Should Schools Adopt a Four-Day Week?

Ed Fischer/Cartoon Stock

The number of U.S. schools shifting to a four-day week is on the rise. In 2023, around 900 school districts across 26 states followed a four-day schedule, up from 650 districts in 2020. Driving the trend is a nationwide teacher shortage, and some district leaders say offering the incentive of a shorter week will help them attract new teachers and keep the ones they have. Critics worry about potential lost time in the classroom, among other things. Should more schools adopt a four-day week? A district superintendent and an economist square off.

Fewer Days in School

Twenty-six states have at least one school district that runs on a four-day schedule

Jim McMahon

The four-day school week benefits families, school staff, and districts, particularly in rural communities.

We have a long history of using a four-day week in Colorado. It began as a pilot program in three rural districts in 1980, to attract much-needed teachers to those districts. Families benefited too, gaining a day to get kids to appointments that weren’t available on weekends.

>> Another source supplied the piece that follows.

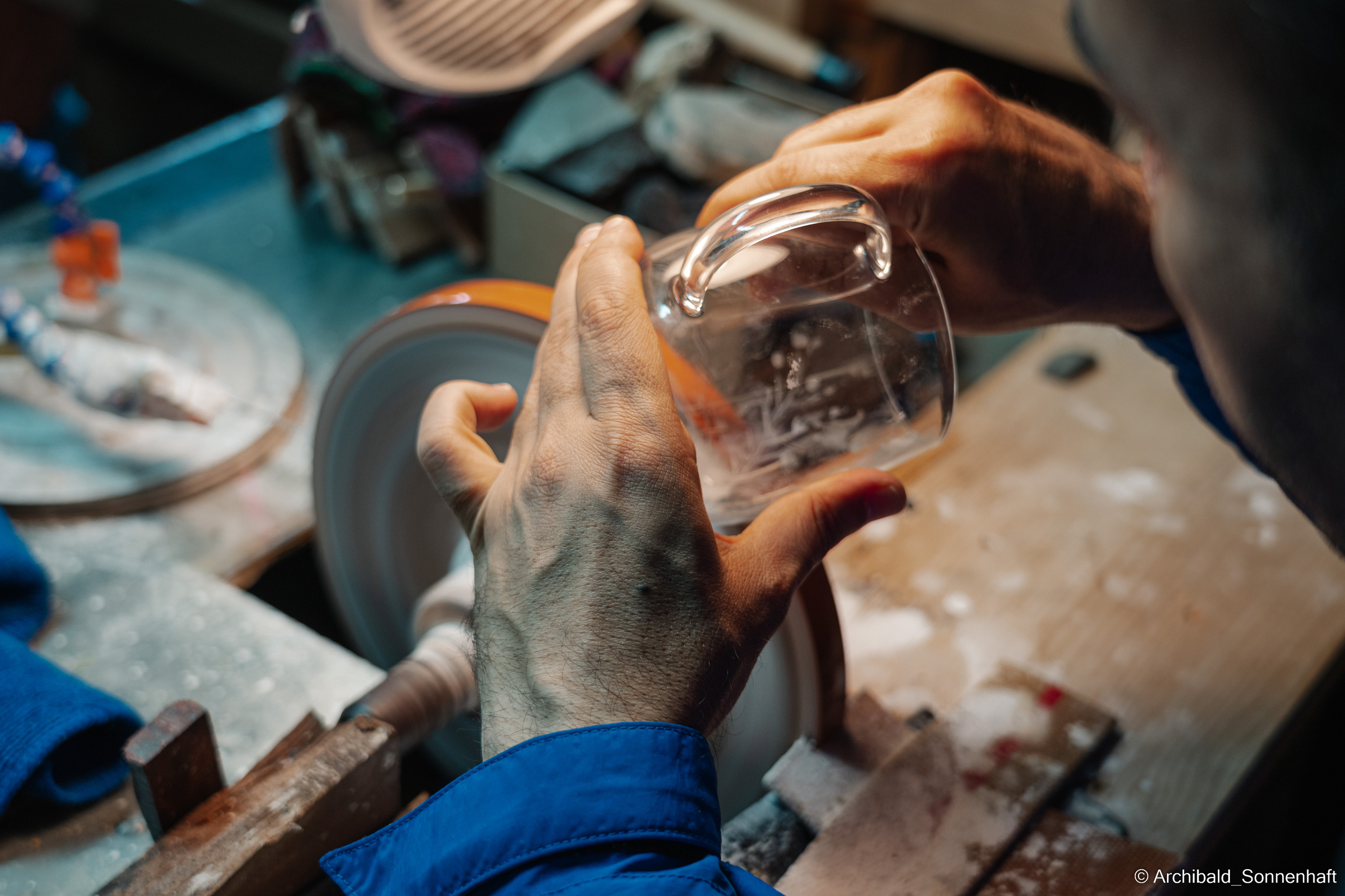 Master class on engraving on glass. Photographer in Guangzhou, China. Archibald Sonnenhaft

All in all, the shorter week allowed a healthier work-life balance for families and school staff, and without reducing the time students spent in the classroom. Today 128 of the 178 Colorado school districts are on a four-day schedule.

The district I lead—27J Schools, near Denver—is the 12th largest in Colorado, with more than 23,000 students. It moved to the four-day week in 2018, after failing to gain support for six consecutive ballot measures asking its community to increase local taxes to better fund teacher salaries and improve neighborhood schools. Losing at the polls meant 27J Schools couldn’t keep pace with neighboring districts in recruiting and keeping teachers. The starting salary in 27J was as much as $10,000 less than it was in other districts.

High school seniors use Mondays to gain experience through internships.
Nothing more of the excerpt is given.